Kekuatan lain yang potensial yang dapat dimanfaatkan Indonesia adalah jumlah
penduduk Indonesia yang mayoritas muslim. Indonesia dengan penduduk muslim terbesar
di dunia memberikan arti tersendiri kepada Indonesia di mata pemerintah negara – negara di
Timur Tengah. Kekuatan kedua yang dimiliki Indonesia adalah sebagai penghasil sumber
daya alam tertentu, seperti minyak dan gas. Selain memberikan “mutually financial benerfit”
kepada Indonesia dan Jepang, minyak dan gas tersebut juga membekali Indonesia untuk
unggul dalam beberapa “event” tawar menawar kerjasama dengan negara – negara lain,
utamnya negara – negara yang terhadap mereka Jepang mempunyai pengaruh kuat untuk
menekan.
Kedudukan Indonesia semacam itu mempunyai arti istimewa yang tidak semua negara di
dunia memilikinya. Walaupun di akui bahwa tidaklah mudah untuk memanfaatkannya, dan
diperlukan kesungguhan dan kehati – hatian sangat tinggi dalam pelaksanaannya. Dalam
kaitan ini ada tiga bentuk jaringan usaha yang perlu dibangun, yaitu jaringan bisnis yang
melibatkan produsen, mereka yang mendukung proses produksi seperti pengusaha bahan
baku dan pembantu, pemasok tenaga kerja, perusahaan jasa informasi teknologi proses
produksi, serta mereka yang bergerak dibidang pemasaran dan teknologhi pemasaran.
Jaringan bisnis yang dimaksud dapat bersifat formal tetapi dapat juga bersifat informal.
Tetapi masing – masing pihak tetap menjunjung tinggi kemitraan mereka. Jaringan bisnis itu,
15
dapat membentuk suatu organisasi bersama, tetapi dapat juga berdiri sendiri walupun tetap
dalam suatu koordinasi.
2. Kelemahan (Weakness)
Kelemahan kondisi ekonomi Indonesia dapat dilihat pada banyak hal. Secara umum
kelemahan itu terasa pada keterkaitan kedepan, tingginya tingkat ketergantungan ekonomi
terhadap barang – barang impor, tingginya beban hutang luar negeri, tingginya impor
content barang hasil industry dalam negeri, rendahnya mutu sumber daya manusia,
terbatasnya jumlah entrepreneur dalam negeri, lemahnya minat bekerjasama diantara para
pengusaha, susahnya membentuk kekompakan antara pemerintah dengan swasta, masih
sangat terbatasnya dukungan real pemerintah terhadap pengusaha ekonomi lemah,
walupun jumlah mereka yang lemah ekonomi sangat dominan dalam ekonomi Indonesia.

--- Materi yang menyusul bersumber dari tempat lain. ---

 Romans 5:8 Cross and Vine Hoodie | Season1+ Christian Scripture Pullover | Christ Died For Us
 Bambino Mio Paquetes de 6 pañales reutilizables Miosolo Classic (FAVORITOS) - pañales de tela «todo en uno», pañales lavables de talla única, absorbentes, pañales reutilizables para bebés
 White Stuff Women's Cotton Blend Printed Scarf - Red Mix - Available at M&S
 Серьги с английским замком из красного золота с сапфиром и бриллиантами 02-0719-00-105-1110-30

Kepincangan yang terjadi dalam struktur industry di Indonesia yang antara lain
merupakan dampak dari “imbalance industrial policy” pemerintah orde baru juga
merupakan bukti lain bagi kelemahan ekonomi Indonesia.
3. Peluang (Opportunities)
Kesempatan membentuk jaringan bisnis dengan negara Asia masih terbuka, apabila
Indonesia dalam posisi sebagai produsen. Dengan demikian, jaringan bisnis yang mungkin
dapat dibentuk adalah jaringan bisnis yang melibatkan baik para produsen, para pengusaha
penunjang proses produksi, para pengusaha yang bergerak dibidang pemasaran, informasi
teknologi, proses produksi serta pengusaha jasa lain.

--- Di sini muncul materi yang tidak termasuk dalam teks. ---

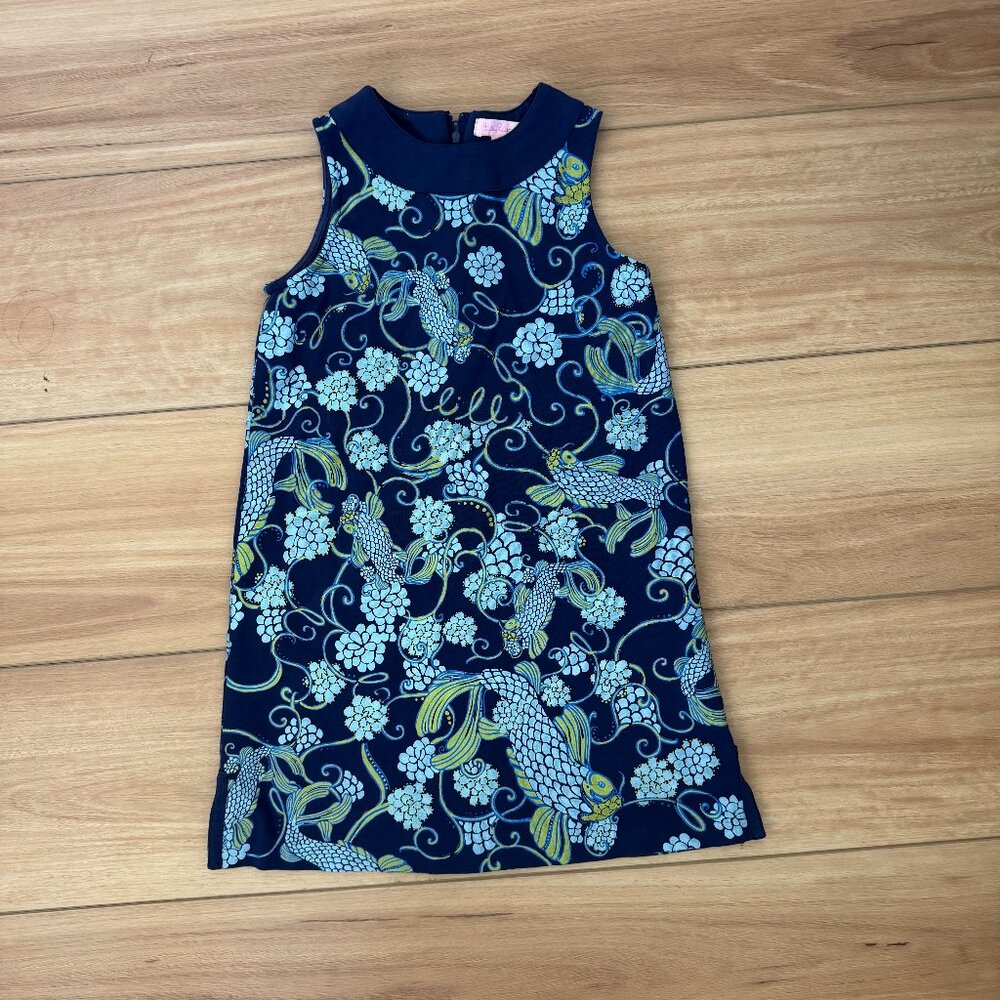 Lilly Pulitzer girls navy "Don't Be Koi" shift dress - size 10
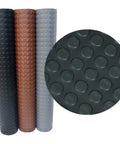 Three rolls of coin pattern rubber flooring in black, brown, and gray with close-up showing texture. Coin Pattern Rubber Flooring 3.5mm Thick 36 Inch By 10 Foot Sheet Dark Gray No Slip Surface For Garage And Shop Durable Thermoplastic Rubber With Superior Traction And Moisture Resistance visible.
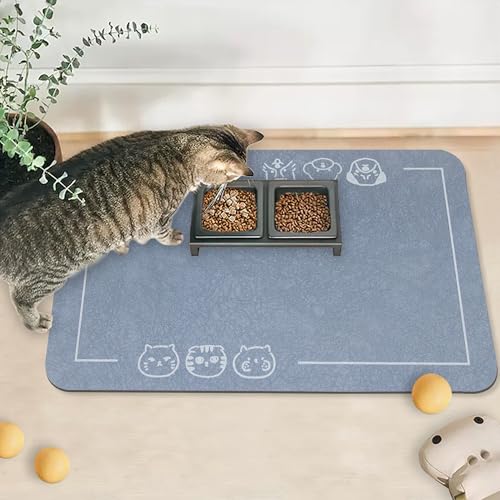 Cat Pet Food Mat (Navy Blue / 24"L x 16.9"W)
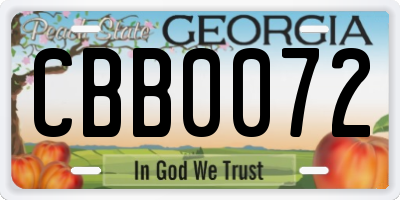 GA license plate CBB0072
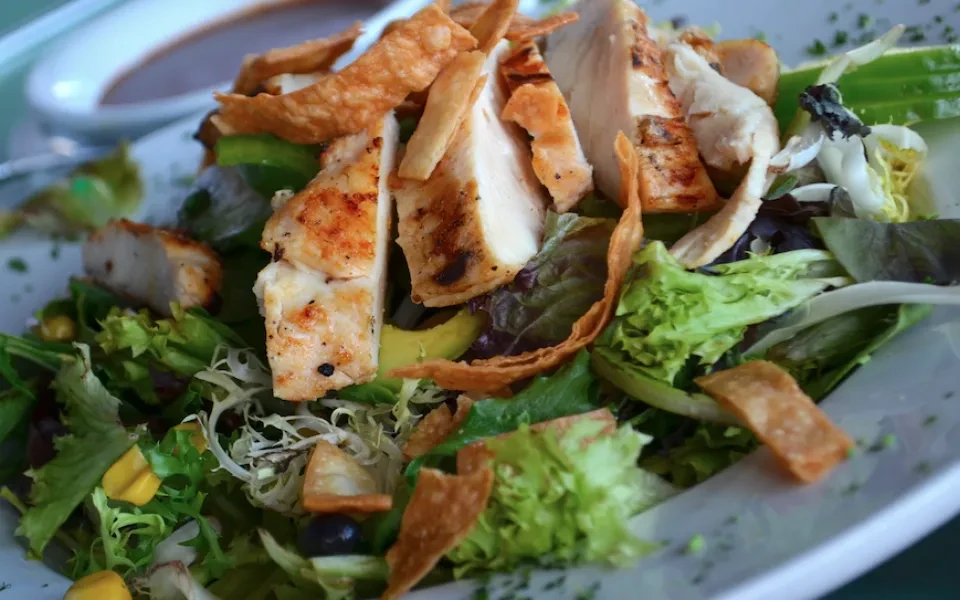 Grilled chicken salad with avocado and crispy strips in a white dish.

Kesempatan lain yang mungkin juga akan dapat dimanfaatkan bagi pembentukan
jaringan bisnis bagi Indonesia adalah kesempatan yang tercipta berkat kebijakan pemerintah
dari negara – negara lain di dunia. Kesempatan semacam ini biasanya menampak melalui
suatu pengamatan secara seksama atas kondisi ekonomi dan non ekonomi negara – negara
lain tersebut.
Jaringan bisnis dapat dibenuk atas dasar kesempatan yang dimiliki Indonesia.
Kesempatan itu sendiri tercipta karena berbgai alasan, mislanya karena lasan organisasi
rumpun atau etnis, wilayah, dan alasan – alasan non ekonomi lainnya tetapi dapat juga
karena alasan ekonomi.
Alasan organisasi, misalnya Indonesia lebih menjadi anggota ASEAN. Berbagai jaringan
bisnis diperkirakan akan dapat direalisasikan pembentukannya dengan melibatkan negara –
negara ASEAN, karena akan saling menguntungkan diantara pesertanya.
16
4. Ancaman (Threat)
Ancaman dan tantangan yang dihadapi terlalu banyak variasinya baik dibidang ekonomi,
politik, sosial dan budaya.
Ancaman dibidang politik yang paling serius adalah gejala disintegrasi bangsa, terutama
yang menyangkut Aceh, Papua, Riau, dan Maluku, ancaman lain dibidang politik adalah
adanya upaya sistematis untuk tetap mempertahankan keutuhan dan keaslian UUD 1945.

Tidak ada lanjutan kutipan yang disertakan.